Odd Is on Our Side
- Author: Fred Van Lente, Dean Koontz
- Illustrator: Queenie Chan
- Language: English
- Genre: Thriller, Mystery
- Publisher: Del Rey Books
- Publication date: October 2010
- Publication place: United States
- Media type: Manga
- ISBN: 978-0-345-51560-5
- Preceded by: In Odd We Trust
- Followed by: House of Odd

= Odd Is on Our Side =

2010 graphic novel written by Fred Van Lente and Dean Koontz

Odd Is on Our Side is the second graphic novel featuring Dean Koontz's character Odd Thomas. It was released in October 2010. It is written by Fred Van Lente and Koontz, with illustrations by Queenie Chan in a manga style.

==Plot summary==

It is Halloween in Pico Mundo, California, and there is a whiff of something wicked in the autumn air. While the town prepares for its annual festivities, young fry cook Odd Thomas cannot shake the feeling that make-believe goblins and ghouls are not the only things on the prowl.
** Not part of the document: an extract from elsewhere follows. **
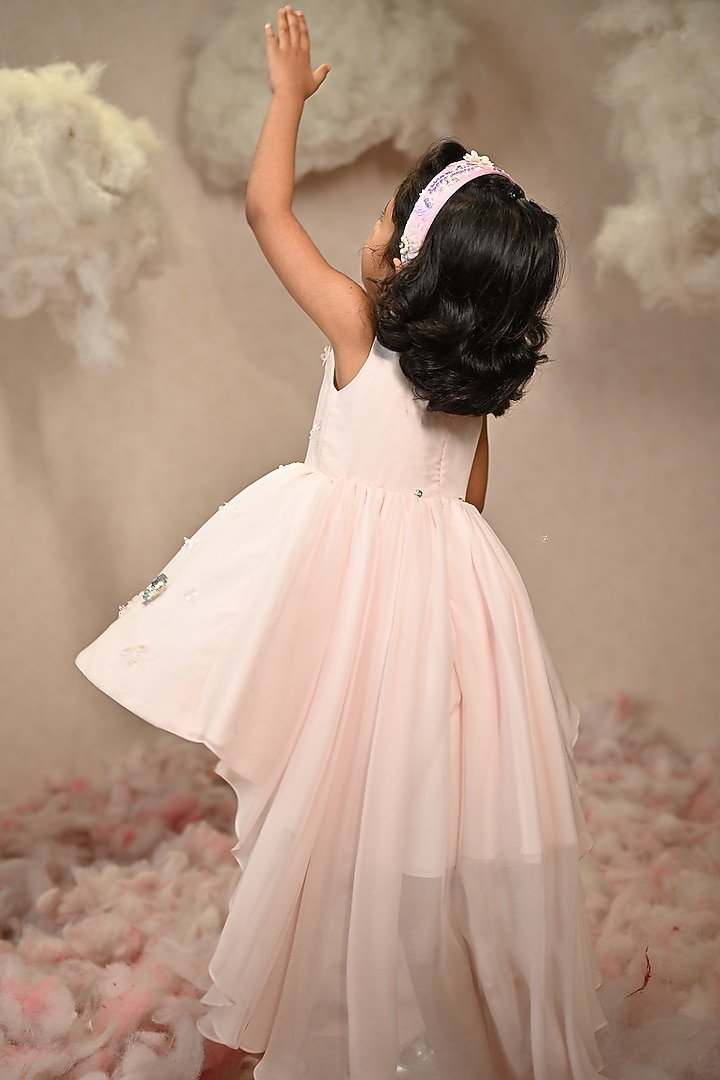 Light Pink Viscose Organza Hand Embroidered Dress For Girls by ARANI LABEL at Pernia's Pop Up Shop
And he should know, since he can see what others cannot: the spirits of the restless dead. But even his frequent visitor, the specter of Elvis Presley, cannot seem to point Odd in the right direction.

With the help of his gun-toting girlfriend, Stormy, Odd is out to uncover the terrible truth. Is something sinister afoot in the remote barn guarded by devilish masked men? Has All Hallows Eve mischief taken a malevolent turn? Or is the pleading ghost of a trick-or-treater a frightening omen of doom?

==Characters==

===Odd Thomas===
Odd Thomas is the protagonist of the Odd Thomas series. He is a short-order cook at the Pico Mundo grill, who has the ability to see the lingering dead. He uses this ability to try to bring peace to the ghosts he encounters, so that they can move on to the next life. Traumatic childhood experiences left him extremely uncomfortable with guns, so he relies on his resourcefulness to escape the sometimes hostile situations in which he finds himself.

===Stormy Llewellyn===
Stormy Llewellyn is Odd's girlfriend and soulmate. She grew up in an orphanage, except for a six-month stint in which she was adopted by a family, only to be sexually abused. Stormy intends to marry Odd, but she is waiting until she overcomes her traumatic past. She does not share Odd's fear of guns, and carries a pistol with which she provides backup for Odd on his adventures.

===Chief Wyatt Porter===
Wyatt Porter is the Chief of Police in Pico Mundo, and serves as a father figure to Odd. He is one of the few people who are aware of Odd's abilities, and has sometimes been able to catch elusive criminals with Odd's paranormal help.

==Anachronisms==
This graphic novel contradicts events in future novels, such as mentioning a Nintendo Wii, released four years after the first novel and Stormy's death.